Kentucky law requires Homeland Security to credit God
“The law that organized the [Kentucky] Homeland Security office first lists Homeland Security’s duty to recognize that government itself can’t secure the state without God, even before mentioning other duties, which include distributing millions of dollars in federal grants and analyzing possible threats.”
This insane bit of Kentucky lawmaking also requires that the office post a plaque at the entrance to the state Emergency Operations Center with an 88-word statement that begins, “The safety and security of the Commonwealth cannot be achieved apart from reliance upon Almighty God.”
State Rep. Tom Riner, a Southern Baptist minister, has his panties in a twist because the Kentucky Homeland Security office doesn’t mention God in its mission statement or on its Web site and the 2008 Homeland Security report issued last month failed to credit God with preventing a terrorist attack on, for example, Burks’ Distillery.
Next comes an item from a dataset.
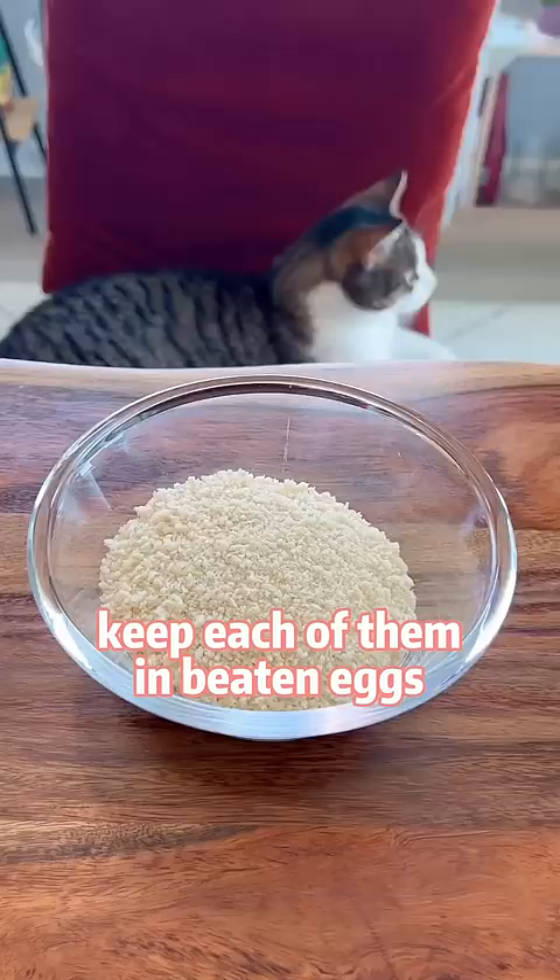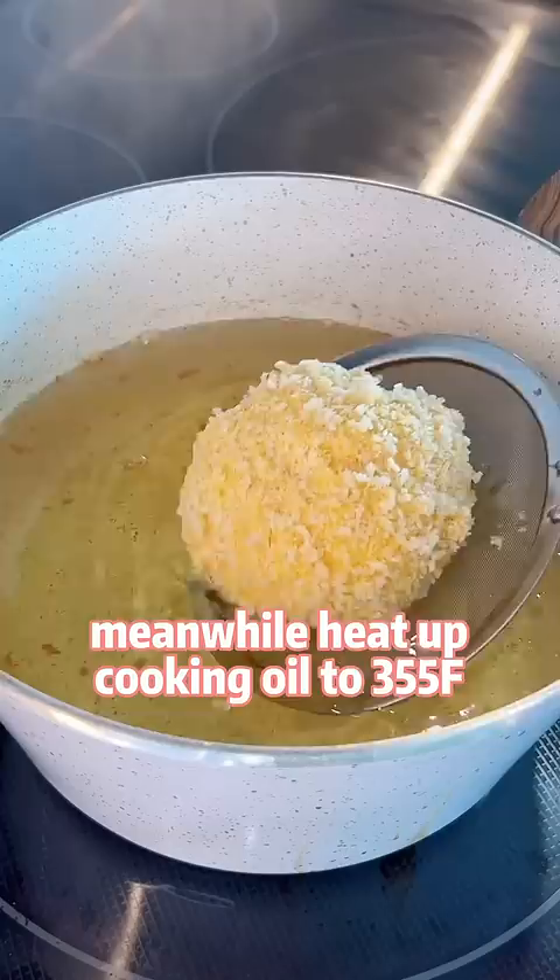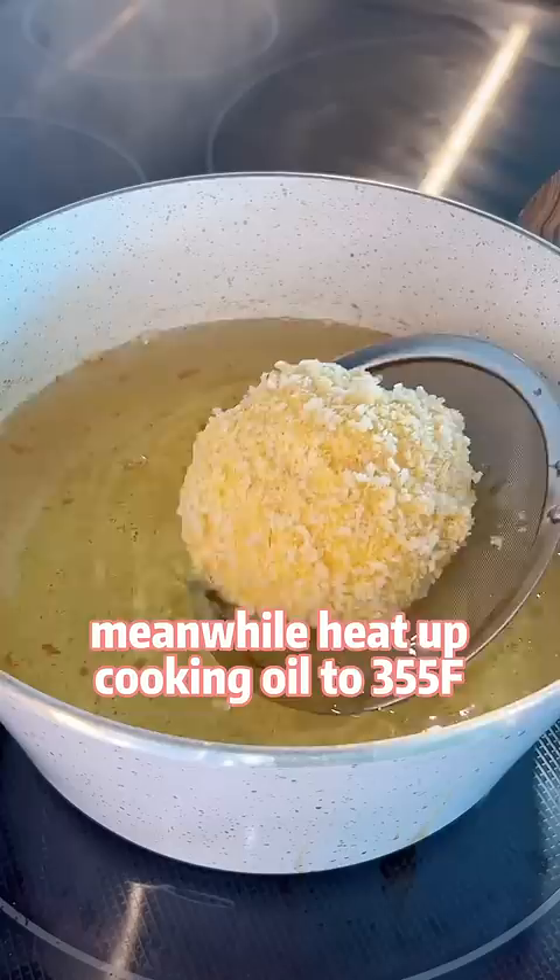Dip each of them in beaten eggs, then coat with panko or breadcrumbs again. Meanwhile, heat up cooking oil to 355 degrees. Deep fry each ice cream ball for only 10 seconds.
Thomas Preston, Kentucky’s Homeland Security chief, has promised that he “will not try to supplant almighty God,” but that “I really don’t know what their motivation was for this.”
I know! I know! (jumping up and down and waving both hands)
Certain lawmakers in Kentucky are attempting to establish an official religion through the back door. And if they have to do it by screwing “homeland security,” so be it.
But don’t think all of Kentucky’s elected state officials are morons. State Sen. Kathy Stein is on record stating what is obvious to anyone with all cylinders firing:
“It takes away from the seriousness of the public discussion over security, and it clearly hurts the credibility of [the Homeland Security] office if it’s supposed to be depending on God, first and foremost.”